The Employment Relations (Flexible Working) Bill has been granted Royal Assent, meaning that, from 2024, millions of UK employees will have enhanced rights to request flexible working.
Fulfilling a pledge from the 2019 Manifesto to promote flexible working, the new Act requires employers to consider and discuss requests made by their employees – who will be entitled to two requests per year – within two months of the request being submitted (down from the previous three months). The Act does not introduce a “day one” right to request flexible working but it is expected this will happen under additional legislation.
The term “flexible working” encompasses a variety of work patterns including part-time, flexi-time, compressed hours or modified start and end times. It also refers to flexibility regarding an individual’s workplace such as remote working or utilising a satellite office to reduce commute time.
Research by CIPD indicates that, last year, 2 million employees (6%) switched jobs specifically due to insufficient flexible options, while 4 million (12%) exited their profession entirely owing to a lack of flexibility within their industry.
In the lead-up to the 2024 changes, Acas is launching its “Flex at Work” campaign to raise awareness of its existing and soon-to-be-updated resources on flexible working. In particular, the campaign is launched in the lead-up to the updated Acas Code of Practice on managing requests for flexible working under the new legislation.
The Flex at Work campaign reminds employers of the current Acas guidance which covers best practice approach to:
- implementing, initiating and overseeing home and hybrid working arrangements;
- making a flexible working request; and
- appropriately addressing an employee’s request for flexible working in compliance with legal requirements.

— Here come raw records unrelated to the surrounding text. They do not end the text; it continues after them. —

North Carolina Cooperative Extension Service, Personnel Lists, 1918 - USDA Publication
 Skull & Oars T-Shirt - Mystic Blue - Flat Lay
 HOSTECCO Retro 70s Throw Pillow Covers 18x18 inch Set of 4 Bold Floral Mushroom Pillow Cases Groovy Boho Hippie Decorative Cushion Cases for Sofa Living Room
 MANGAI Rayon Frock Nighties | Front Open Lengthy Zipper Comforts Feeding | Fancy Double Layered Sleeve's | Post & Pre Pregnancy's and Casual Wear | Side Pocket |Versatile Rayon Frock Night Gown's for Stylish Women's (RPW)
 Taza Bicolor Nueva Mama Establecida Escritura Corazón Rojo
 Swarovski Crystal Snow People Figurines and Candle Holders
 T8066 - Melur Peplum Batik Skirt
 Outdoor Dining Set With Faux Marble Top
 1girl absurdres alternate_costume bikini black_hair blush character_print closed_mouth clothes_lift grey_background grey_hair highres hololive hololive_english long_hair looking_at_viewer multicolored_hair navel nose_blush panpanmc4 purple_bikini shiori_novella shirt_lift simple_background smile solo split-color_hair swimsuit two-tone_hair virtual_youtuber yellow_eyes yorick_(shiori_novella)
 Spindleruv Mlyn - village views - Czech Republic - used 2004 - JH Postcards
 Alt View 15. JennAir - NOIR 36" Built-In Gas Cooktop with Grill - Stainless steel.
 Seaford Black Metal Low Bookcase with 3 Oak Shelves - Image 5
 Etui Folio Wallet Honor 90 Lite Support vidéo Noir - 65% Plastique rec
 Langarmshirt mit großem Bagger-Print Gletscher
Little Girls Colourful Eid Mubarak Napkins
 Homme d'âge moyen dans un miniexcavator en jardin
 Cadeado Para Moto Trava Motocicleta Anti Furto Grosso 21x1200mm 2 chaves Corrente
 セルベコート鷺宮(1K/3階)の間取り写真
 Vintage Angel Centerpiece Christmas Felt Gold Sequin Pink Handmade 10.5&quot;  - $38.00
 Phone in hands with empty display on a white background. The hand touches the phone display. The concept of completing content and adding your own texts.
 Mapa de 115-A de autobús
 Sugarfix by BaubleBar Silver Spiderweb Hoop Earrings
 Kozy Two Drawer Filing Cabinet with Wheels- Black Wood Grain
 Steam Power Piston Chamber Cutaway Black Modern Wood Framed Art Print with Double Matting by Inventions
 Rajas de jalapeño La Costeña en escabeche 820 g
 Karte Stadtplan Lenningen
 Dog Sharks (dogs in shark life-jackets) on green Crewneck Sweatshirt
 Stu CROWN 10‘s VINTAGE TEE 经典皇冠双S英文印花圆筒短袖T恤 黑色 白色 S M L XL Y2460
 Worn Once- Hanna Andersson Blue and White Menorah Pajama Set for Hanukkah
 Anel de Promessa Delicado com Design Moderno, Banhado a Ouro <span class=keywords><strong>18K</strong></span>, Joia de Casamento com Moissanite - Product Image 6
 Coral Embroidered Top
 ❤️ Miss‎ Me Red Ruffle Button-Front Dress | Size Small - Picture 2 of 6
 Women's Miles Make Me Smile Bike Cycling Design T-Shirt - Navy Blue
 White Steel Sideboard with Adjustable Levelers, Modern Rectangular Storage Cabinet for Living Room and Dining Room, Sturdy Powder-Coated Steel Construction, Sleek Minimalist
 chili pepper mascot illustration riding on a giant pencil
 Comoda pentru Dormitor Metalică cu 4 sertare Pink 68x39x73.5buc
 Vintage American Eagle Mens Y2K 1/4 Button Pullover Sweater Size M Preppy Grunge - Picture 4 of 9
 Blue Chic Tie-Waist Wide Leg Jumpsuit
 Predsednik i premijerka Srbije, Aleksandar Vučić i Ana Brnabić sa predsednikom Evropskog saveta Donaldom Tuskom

Acas’s campaign is a timely reminder for employers to prepare proactively for the approaching changes in 2024. At the very least, policies should align with the Acas Code of Practice on Flexible Working. Given that 71% of employees deem flexible work patterns significant when considering new positions, and 69% regard remote working capabilities as crucial, employers are likely to find it essential that their policies and approach to flexible working are up to date.